I listened to the Leadership Network telesiminar with Larry Osborne on his new book Sticky Church. There were several helpful thoughts that came out of the time for me.
•    Member retention is not so much about church growth as much as it is about having people stick around long enough to disciple them.
•    For a church to double from 250 to 500 over a 10 year period with a 30% retention rate it takes 834 new members.
•    For a church to double from 250 to 500 over a 10 year period with a 70% retention rate it takes 357 new members.
•    People tend to come to a church because of its children and youth programs. These youth go off to college get married and don’t come back until they have children which repeats the cycle.
•    We measure the wrong thing . For example new members and growth instead of retention.
•    Most small group models are broken and we retool them every 3-7 years. NC has a “very relational model” base on the word (sermon) that hasn’t changed in the last 22 years.

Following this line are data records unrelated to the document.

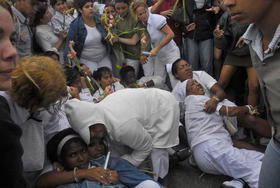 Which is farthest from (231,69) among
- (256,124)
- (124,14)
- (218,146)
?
(124,14)

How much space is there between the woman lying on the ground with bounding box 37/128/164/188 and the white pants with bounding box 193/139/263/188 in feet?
2.45

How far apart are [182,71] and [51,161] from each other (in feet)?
6.64

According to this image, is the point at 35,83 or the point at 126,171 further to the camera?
the point at 126,171

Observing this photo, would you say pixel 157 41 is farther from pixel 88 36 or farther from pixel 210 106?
pixel 210 106

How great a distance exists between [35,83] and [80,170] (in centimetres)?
79

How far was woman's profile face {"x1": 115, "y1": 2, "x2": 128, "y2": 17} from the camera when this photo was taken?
4074mm

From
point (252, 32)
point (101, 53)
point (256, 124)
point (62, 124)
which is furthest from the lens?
point (101, 53)

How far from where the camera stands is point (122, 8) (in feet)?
13.4

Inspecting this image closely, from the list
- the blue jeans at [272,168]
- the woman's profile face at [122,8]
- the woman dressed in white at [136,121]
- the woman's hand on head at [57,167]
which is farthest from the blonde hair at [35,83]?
the woman's profile face at [122,8]

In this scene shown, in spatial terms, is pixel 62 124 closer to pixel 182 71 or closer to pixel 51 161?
pixel 51 161

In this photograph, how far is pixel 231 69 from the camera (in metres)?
3.42

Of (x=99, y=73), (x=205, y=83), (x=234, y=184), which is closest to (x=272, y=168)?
(x=234, y=184)

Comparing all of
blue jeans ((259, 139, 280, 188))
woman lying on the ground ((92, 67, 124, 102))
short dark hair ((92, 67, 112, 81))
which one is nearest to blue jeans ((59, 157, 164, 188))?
blue jeans ((259, 139, 280, 188))

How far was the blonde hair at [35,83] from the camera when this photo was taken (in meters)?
1.53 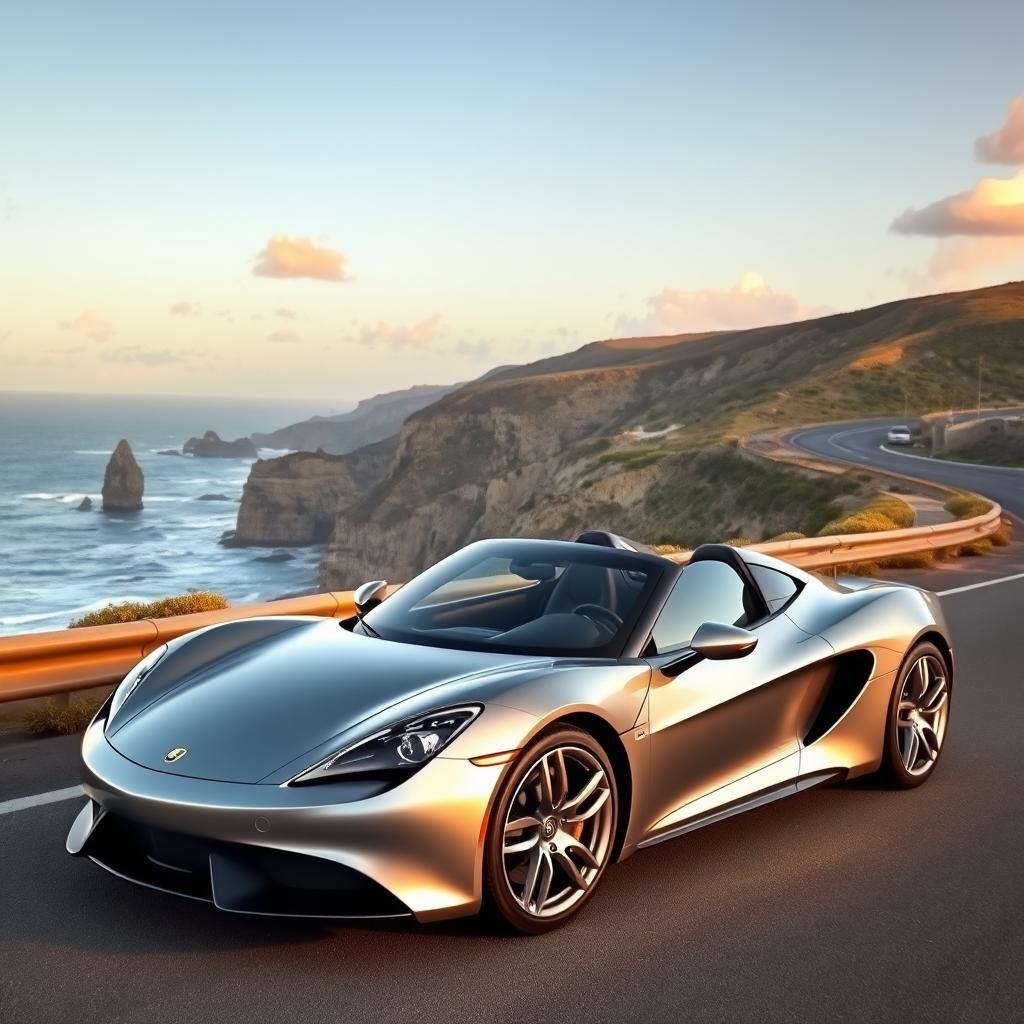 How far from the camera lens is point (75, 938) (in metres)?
3.95

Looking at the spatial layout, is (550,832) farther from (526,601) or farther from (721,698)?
(526,601)

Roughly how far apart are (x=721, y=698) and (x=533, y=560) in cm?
108

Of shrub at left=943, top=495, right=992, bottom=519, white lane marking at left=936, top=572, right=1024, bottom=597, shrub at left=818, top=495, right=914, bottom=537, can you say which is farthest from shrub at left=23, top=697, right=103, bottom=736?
shrub at left=943, top=495, right=992, bottom=519

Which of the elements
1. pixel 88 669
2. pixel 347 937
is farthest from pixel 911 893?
pixel 88 669

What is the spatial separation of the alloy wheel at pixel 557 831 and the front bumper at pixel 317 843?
0.23m

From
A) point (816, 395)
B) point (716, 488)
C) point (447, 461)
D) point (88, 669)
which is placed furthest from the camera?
point (447, 461)

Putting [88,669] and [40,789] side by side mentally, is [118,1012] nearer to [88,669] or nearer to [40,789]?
[40,789]

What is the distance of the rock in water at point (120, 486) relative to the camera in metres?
152

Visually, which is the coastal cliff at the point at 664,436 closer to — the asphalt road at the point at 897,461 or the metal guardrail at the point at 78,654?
the asphalt road at the point at 897,461

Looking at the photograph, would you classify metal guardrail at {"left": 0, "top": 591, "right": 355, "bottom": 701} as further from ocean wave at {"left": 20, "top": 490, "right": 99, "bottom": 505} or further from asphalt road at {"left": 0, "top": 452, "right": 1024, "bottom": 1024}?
ocean wave at {"left": 20, "top": 490, "right": 99, "bottom": 505}

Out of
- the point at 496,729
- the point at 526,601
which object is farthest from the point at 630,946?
the point at 526,601

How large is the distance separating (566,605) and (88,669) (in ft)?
10.1

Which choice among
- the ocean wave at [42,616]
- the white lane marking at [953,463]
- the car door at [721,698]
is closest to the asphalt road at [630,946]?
the car door at [721,698]

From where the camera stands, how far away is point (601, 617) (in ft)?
16.5
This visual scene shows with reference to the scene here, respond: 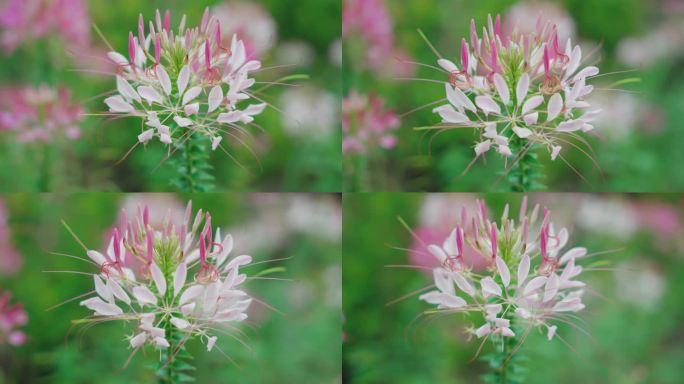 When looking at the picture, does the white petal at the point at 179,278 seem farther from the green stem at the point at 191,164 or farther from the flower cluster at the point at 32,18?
the flower cluster at the point at 32,18

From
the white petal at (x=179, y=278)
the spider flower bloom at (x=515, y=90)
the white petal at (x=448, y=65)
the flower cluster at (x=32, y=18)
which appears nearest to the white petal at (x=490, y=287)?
the spider flower bloom at (x=515, y=90)

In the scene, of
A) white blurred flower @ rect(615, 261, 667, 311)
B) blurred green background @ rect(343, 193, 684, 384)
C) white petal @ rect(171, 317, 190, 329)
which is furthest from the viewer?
white blurred flower @ rect(615, 261, 667, 311)

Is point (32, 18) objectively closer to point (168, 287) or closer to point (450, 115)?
point (168, 287)

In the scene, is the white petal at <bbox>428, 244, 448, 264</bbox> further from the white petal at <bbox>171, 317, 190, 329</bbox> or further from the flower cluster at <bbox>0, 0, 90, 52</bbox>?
the flower cluster at <bbox>0, 0, 90, 52</bbox>

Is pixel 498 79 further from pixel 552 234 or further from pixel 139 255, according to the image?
pixel 139 255

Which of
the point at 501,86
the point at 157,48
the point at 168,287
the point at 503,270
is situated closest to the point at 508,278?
the point at 503,270

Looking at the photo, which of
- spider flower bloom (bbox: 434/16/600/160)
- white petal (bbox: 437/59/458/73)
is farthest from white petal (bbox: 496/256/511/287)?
white petal (bbox: 437/59/458/73) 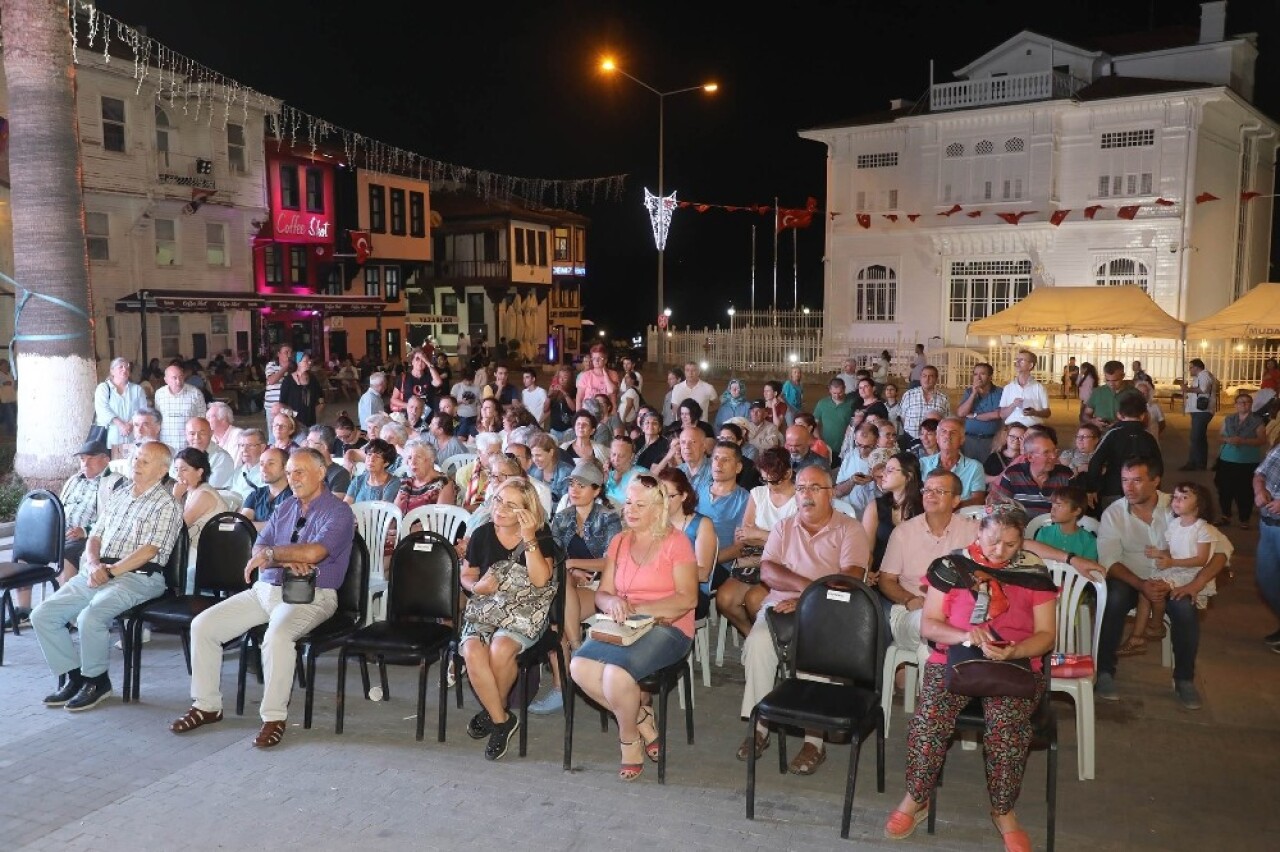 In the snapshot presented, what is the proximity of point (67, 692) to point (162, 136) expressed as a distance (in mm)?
23913

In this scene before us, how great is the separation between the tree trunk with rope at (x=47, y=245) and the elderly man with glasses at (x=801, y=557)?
21.8 ft

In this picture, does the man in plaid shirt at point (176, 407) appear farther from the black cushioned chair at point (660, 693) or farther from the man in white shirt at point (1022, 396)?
the man in white shirt at point (1022, 396)

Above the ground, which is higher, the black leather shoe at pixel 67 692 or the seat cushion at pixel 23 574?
the seat cushion at pixel 23 574

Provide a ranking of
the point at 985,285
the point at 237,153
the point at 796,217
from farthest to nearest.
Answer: the point at 985,285 < the point at 237,153 < the point at 796,217

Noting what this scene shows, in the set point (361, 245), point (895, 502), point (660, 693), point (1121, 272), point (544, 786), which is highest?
point (361, 245)

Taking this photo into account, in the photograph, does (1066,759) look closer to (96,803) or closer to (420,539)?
(420,539)

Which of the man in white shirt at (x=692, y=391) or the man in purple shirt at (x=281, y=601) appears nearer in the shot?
the man in purple shirt at (x=281, y=601)

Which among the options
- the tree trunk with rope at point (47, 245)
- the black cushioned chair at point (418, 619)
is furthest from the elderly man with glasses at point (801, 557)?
the tree trunk with rope at point (47, 245)

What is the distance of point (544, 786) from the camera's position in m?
4.82

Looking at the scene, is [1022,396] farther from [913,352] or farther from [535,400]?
[913,352]

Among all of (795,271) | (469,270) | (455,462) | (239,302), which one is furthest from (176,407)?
(469,270)

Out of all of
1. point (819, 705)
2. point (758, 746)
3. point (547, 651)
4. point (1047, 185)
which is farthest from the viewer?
point (1047, 185)

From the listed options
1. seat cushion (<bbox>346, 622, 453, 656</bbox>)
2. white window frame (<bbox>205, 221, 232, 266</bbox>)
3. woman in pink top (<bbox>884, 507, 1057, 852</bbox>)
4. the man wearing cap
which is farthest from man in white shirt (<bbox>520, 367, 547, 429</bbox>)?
white window frame (<bbox>205, 221, 232, 266</bbox>)

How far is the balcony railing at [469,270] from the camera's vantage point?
44.2 meters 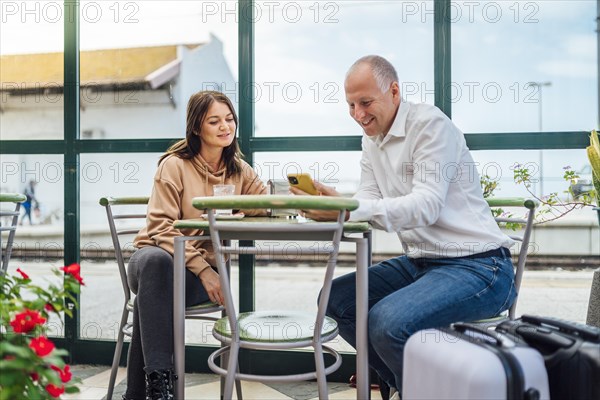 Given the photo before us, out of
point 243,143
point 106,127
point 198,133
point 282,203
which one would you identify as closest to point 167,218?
point 198,133

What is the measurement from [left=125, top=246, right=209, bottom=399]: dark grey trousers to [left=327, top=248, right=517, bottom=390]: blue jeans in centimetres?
54

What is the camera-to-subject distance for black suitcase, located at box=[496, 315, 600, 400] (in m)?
1.32

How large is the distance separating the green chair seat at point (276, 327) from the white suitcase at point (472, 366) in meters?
0.28

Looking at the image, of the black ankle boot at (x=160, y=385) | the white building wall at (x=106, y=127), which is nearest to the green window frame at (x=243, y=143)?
the white building wall at (x=106, y=127)

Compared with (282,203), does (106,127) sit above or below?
above

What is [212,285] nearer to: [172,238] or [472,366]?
[172,238]

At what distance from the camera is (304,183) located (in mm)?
1777

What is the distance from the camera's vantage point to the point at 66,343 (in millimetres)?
2916

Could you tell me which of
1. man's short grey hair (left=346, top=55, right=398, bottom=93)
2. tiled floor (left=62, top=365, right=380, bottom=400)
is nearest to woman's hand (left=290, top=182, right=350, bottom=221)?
man's short grey hair (left=346, top=55, right=398, bottom=93)

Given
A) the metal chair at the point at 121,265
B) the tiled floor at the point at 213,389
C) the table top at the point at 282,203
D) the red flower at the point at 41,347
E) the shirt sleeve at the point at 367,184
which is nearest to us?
the red flower at the point at 41,347

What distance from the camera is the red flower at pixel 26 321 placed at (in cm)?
115

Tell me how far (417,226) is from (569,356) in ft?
1.81

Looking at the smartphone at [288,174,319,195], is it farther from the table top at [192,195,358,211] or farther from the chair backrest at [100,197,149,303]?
the chair backrest at [100,197,149,303]

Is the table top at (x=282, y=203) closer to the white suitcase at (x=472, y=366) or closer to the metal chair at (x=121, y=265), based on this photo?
the white suitcase at (x=472, y=366) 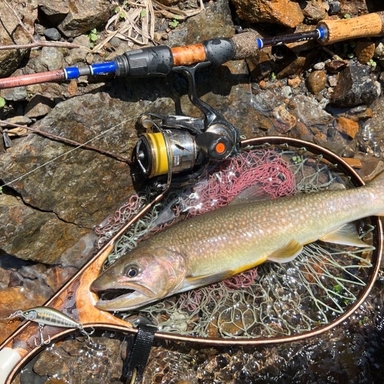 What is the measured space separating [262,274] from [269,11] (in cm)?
229

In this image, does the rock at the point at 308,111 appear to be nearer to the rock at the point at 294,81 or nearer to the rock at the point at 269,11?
the rock at the point at 294,81

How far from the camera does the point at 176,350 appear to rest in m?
4.23

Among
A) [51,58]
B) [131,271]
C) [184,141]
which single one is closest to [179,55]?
[184,141]

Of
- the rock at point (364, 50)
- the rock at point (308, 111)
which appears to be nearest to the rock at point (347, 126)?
the rock at point (308, 111)

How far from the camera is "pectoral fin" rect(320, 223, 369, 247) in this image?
4.13 metres

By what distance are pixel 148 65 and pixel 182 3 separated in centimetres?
102

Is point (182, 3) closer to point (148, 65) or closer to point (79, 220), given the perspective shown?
point (148, 65)

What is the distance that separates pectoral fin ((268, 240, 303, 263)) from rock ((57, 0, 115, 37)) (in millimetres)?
2330

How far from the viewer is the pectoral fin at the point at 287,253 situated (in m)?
3.95

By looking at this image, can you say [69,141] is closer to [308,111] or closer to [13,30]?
[13,30]

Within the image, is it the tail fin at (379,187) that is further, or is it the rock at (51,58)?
the tail fin at (379,187)

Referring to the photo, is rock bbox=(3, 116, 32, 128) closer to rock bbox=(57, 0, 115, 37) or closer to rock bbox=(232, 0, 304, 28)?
rock bbox=(57, 0, 115, 37)

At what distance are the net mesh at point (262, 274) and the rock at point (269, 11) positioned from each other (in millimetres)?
1143

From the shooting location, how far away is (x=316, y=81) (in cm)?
484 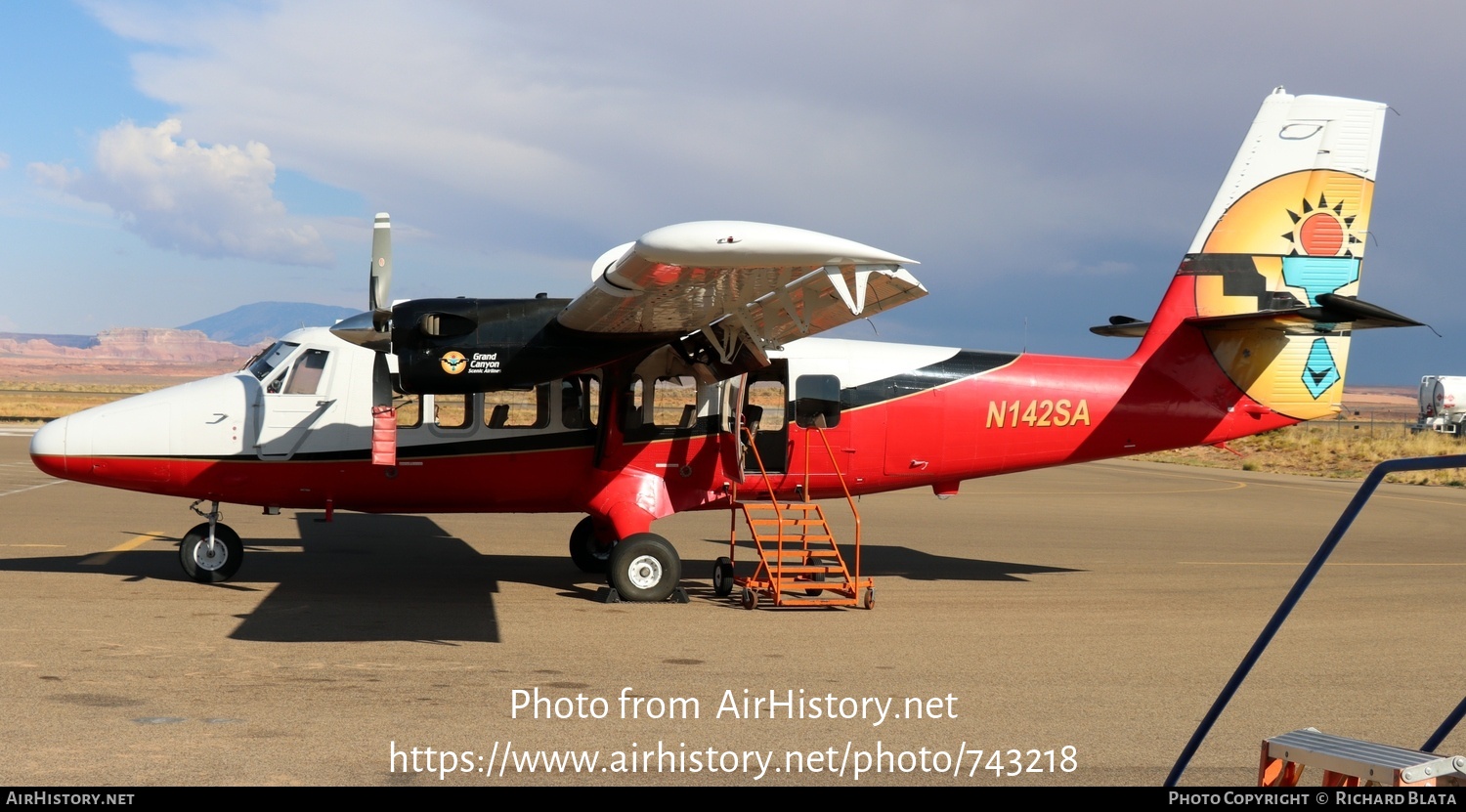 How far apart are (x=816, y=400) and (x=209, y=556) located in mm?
6858

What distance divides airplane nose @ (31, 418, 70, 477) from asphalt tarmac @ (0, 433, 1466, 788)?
1.24 metres

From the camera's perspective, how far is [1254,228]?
13711mm

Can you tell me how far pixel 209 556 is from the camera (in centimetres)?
1233

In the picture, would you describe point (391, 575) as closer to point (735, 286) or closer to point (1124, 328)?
point (735, 286)

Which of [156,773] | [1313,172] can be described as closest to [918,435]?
[1313,172]

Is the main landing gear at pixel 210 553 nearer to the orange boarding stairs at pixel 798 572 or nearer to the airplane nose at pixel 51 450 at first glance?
the airplane nose at pixel 51 450

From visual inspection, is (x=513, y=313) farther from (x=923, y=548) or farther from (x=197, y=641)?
(x=923, y=548)

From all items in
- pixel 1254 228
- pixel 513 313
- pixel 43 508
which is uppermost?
pixel 1254 228

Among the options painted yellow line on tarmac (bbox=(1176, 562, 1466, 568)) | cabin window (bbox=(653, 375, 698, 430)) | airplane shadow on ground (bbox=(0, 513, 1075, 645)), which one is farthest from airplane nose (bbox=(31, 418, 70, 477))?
painted yellow line on tarmac (bbox=(1176, 562, 1466, 568))

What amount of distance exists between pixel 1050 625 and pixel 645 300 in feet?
16.0

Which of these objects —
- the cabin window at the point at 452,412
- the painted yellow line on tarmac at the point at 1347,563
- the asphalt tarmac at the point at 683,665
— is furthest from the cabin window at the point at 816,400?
the painted yellow line on tarmac at the point at 1347,563

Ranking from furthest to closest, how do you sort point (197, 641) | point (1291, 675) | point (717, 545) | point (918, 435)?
point (717, 545), point (918, 435), point (197, 641), point (1291, 675)

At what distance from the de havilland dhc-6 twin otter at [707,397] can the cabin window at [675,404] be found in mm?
30

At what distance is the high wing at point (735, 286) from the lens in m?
7.98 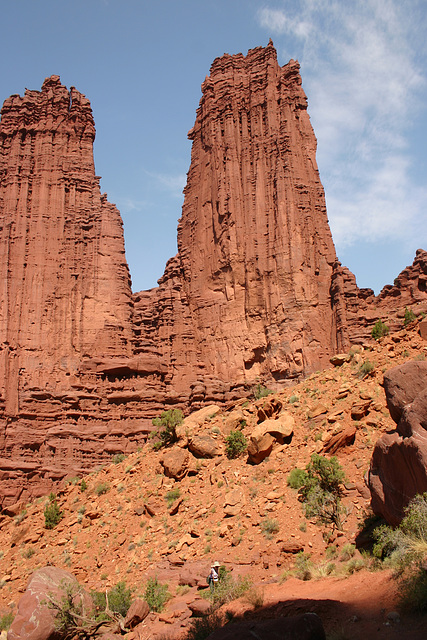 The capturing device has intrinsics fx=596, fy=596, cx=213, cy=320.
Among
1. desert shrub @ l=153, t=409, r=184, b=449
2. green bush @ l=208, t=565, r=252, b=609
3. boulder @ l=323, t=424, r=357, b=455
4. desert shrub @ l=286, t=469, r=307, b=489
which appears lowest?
green bush @ l=208, t=565, r=252, b=609

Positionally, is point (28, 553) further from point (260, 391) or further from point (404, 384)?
point (404, 384)

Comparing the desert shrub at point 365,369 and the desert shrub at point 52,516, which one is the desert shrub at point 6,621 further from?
the desert shrub at point 365,369

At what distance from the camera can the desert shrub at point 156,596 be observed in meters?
17.8

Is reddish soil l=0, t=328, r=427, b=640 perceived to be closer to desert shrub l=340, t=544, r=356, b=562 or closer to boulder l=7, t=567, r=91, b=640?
desert shrub l=340, t=544, r=356, b=562

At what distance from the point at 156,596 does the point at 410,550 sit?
885 centimetres

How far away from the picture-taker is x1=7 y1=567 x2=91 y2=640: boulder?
1812 cm

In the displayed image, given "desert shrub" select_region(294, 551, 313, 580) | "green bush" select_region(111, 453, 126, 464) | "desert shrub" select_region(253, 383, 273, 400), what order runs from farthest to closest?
"desert shrub" select_region(253, 383, 273, 400)
"green bush" select_region(111, 453, 126, 464)
"desert shrub" select_region(294, 551, 313, 580)

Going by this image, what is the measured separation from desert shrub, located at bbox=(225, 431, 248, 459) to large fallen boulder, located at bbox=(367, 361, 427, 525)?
10.9m

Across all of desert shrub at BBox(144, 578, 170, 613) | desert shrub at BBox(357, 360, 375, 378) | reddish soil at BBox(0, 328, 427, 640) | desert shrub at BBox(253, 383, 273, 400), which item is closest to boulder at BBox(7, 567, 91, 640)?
reddish soil at BBox(0, 328, 427, 640)

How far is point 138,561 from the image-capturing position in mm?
22578

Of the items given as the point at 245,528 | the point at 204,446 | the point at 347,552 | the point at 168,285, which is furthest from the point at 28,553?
the point at 168,285

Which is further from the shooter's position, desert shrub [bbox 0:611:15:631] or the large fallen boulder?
desert shrub [bbox 0:611:15:631]

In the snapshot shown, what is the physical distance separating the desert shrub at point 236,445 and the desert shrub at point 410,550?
11.9 meters

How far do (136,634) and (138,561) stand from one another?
19.0 ft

•    NC has 80% of Sunday morning attendance number in small groups.
•    People are like legos. Once their connectors are full they become friendly but don’t connect. Often time churches aren’t “clickish” their connectors are just filled. Create new groups for new people.
•    People need their own “Mayberry USA” in a hectic world. Churches that are constantly dividing and multiplying are more about growing the church than the people!
•    “Ingrown talk” is often more about leaders trying to “drive the people to accomplish what we want” than it is a concern about growing the people!
•    I wonder what our “retention rates are relative to our new members.